The Centre has also eased several conditions under the ‘tied’ component of the loan including the one related to ‘own capex’ achievement by the states. As per the original criteria, the Centre allocated Rs 25,000 crore as an incentive for states’ capex performance: 50% for achieving over 10% on-year capex growth in FY24 and the balance 50% for achieving over 10% growth in the first six months of FY25. Funds would be allocated among states in proportion to their share of central taxes and duties as per the award of the 15th Finance Commission.

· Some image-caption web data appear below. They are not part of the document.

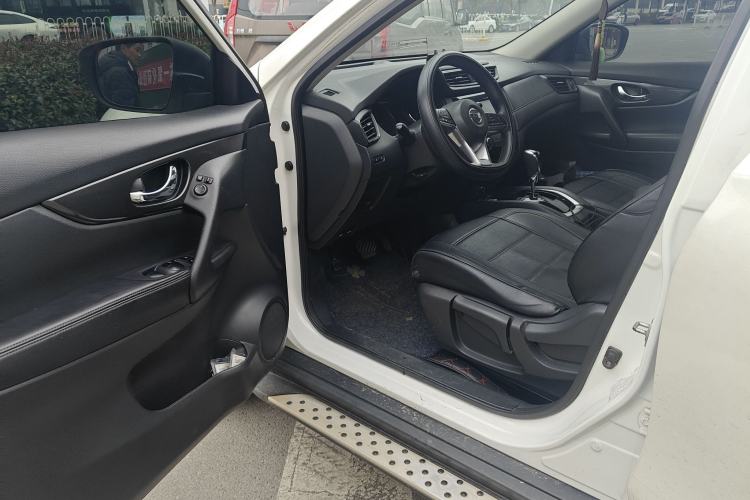 Used Nissan X-Trail 2017 2.0L CVT Comfort Edition 2WD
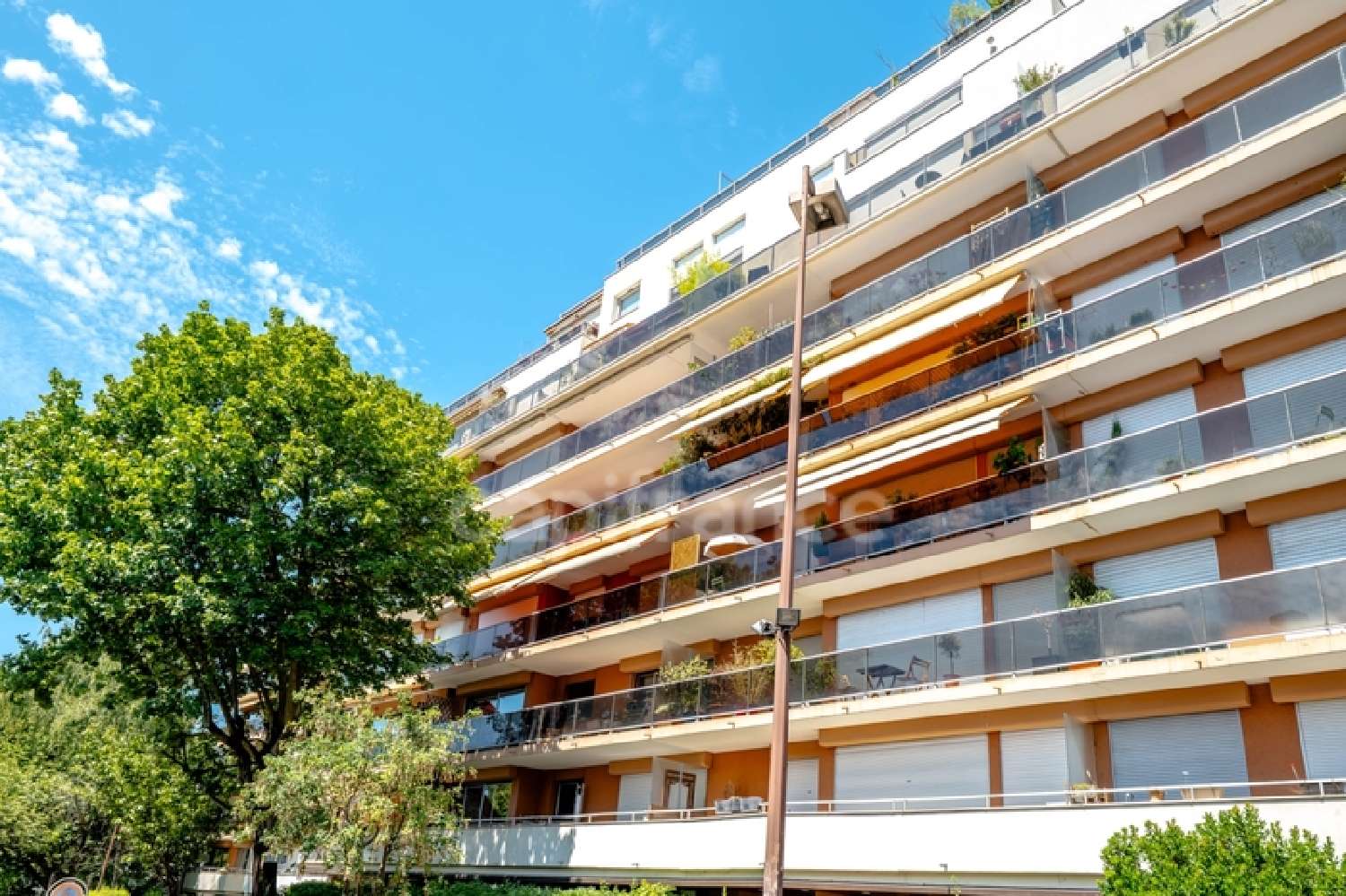  te koop appartement Paris 20e Arrondissement Parijs (Seine) 4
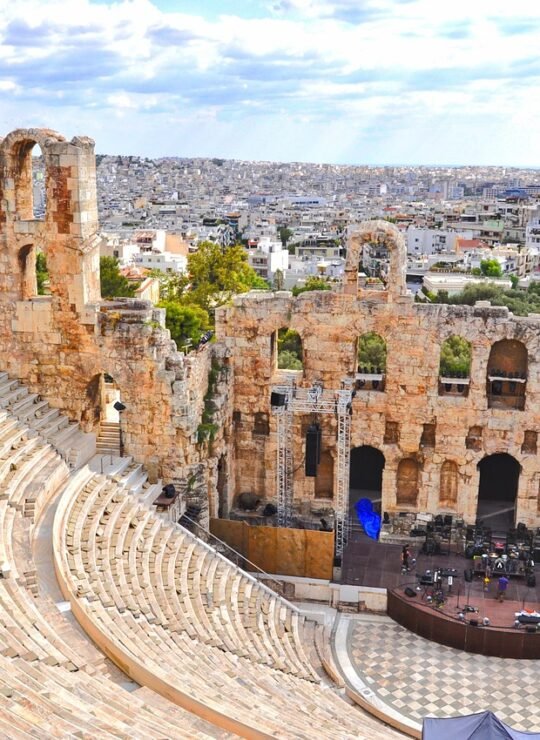 Athens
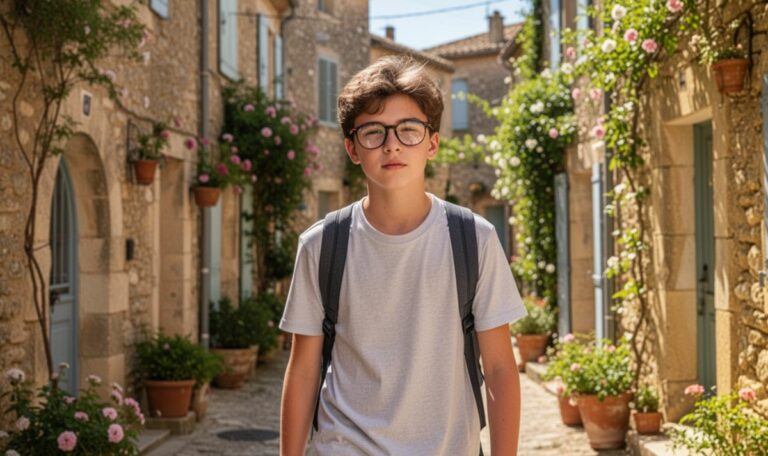 Montures ado tendance à La Fare-les-Oliviers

The amendment to the condition says that in addition to states who qualify for incentives for achieving more than 10% growth in capital expenditure in the first half of 2024-25, states who achieve growth rate of more than 10% in Q2 plus Q3 (July to December 2024) of 2024-25 or in the first three quarters of 2024-25 over the growth rate in the corresponding period of 2023-24, will also be considered for grant of incentives.
Among others, the Centre also amended conditions related to urban and rural infrastructure projects and incentives for implementation of the SNA SPARSH Model for Just-in-Time release of funds under centrally sponsored schemes. These would ensure that loans earmarked for these purposes would be fully utilised by states.
A new part has been introduced under tied loans that earmarks Rs 5,000 crore loans to states which have undertaken or undertaking urban planning reforms in FY25.
The release of funds is very fast this year under the scheme, especially in the last two to three months, a pleasantly surprised senior official of one of the state governments said. Last fiscal, the Centre could release Rs 1,05,551 crore or 70% of the outlay of Rs 1.5 lakh crore as many states could not meet the conditionalities strictly enforced by the Centre.
The Centre’s capex declined by over 12% in April-November of the current financial year. Analysts estimated that the Centre’s capex could fall short of the FY25 target of Rs 11.11 lakh crore by Rs 1-1.5 lakh crore.